Source material:
━━━━━━━━

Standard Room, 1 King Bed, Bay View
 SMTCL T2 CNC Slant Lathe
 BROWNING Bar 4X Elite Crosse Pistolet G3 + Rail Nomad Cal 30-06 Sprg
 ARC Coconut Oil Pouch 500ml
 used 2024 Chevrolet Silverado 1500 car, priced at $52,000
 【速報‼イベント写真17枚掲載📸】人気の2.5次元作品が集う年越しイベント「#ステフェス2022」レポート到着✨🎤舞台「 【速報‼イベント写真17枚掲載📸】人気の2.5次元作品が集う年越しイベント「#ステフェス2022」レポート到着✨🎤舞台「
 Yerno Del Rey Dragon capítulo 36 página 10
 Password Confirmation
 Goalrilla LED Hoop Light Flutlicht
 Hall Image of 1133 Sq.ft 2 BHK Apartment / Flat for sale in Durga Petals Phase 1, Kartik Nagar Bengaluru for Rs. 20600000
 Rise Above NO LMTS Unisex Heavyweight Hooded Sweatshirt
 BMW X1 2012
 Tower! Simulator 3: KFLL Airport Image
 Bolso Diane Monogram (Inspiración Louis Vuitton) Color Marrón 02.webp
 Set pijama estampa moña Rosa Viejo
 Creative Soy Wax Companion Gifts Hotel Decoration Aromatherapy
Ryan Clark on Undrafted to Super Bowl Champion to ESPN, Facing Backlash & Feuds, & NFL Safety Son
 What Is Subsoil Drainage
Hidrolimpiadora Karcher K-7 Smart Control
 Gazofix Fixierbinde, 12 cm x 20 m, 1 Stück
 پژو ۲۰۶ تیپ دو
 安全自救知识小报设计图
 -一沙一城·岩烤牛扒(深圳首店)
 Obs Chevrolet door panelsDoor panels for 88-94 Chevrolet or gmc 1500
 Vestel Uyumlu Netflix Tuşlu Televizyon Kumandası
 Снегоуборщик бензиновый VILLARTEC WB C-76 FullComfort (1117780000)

━━━━━━━━

What this task involves: Go through the listing, and whenever a line contains the string "Chevrolet", copy that line.

Worked solution:
 used 2024 Chevrolet Silverado 1500 car, priced at $52,000
 Obs Chevrolet door panelsDoor panels for 88-94 Chevrolet or gmc 1500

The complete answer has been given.